_MATERIAL TO PROCESS_.
***
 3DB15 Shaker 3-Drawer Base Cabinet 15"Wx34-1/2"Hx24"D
***
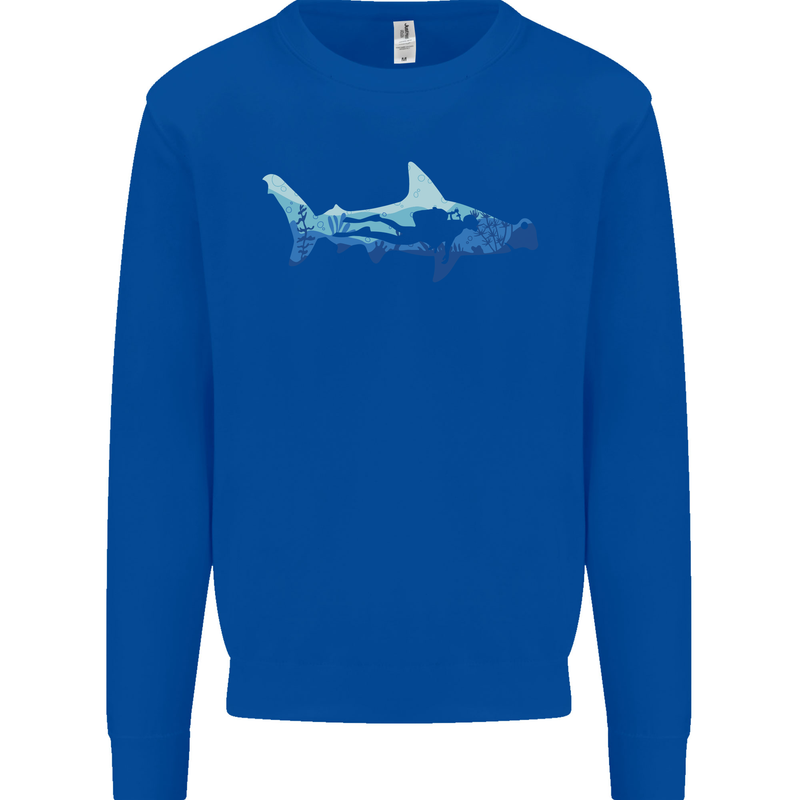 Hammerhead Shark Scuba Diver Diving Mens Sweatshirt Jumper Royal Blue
***
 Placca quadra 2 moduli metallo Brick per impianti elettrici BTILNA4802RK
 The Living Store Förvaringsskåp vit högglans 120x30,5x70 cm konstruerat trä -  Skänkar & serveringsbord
***
_INSTRUCTIONS TO FOLLOW_. Keeping every character as it is, restate the lines above that run from the line with "Placca quadra 2" through the line with "The Living Store", both included, and nothing else.

_ANSWER BELOW_.
 Placca quadra 2 moduli metallo Brick per impianti elettrici BTILNA4802RK
 The Living Store Förvaringsskåp vit högglans 120x30,5x70 cm konstruerat trä -  Skänkar & serveringsbord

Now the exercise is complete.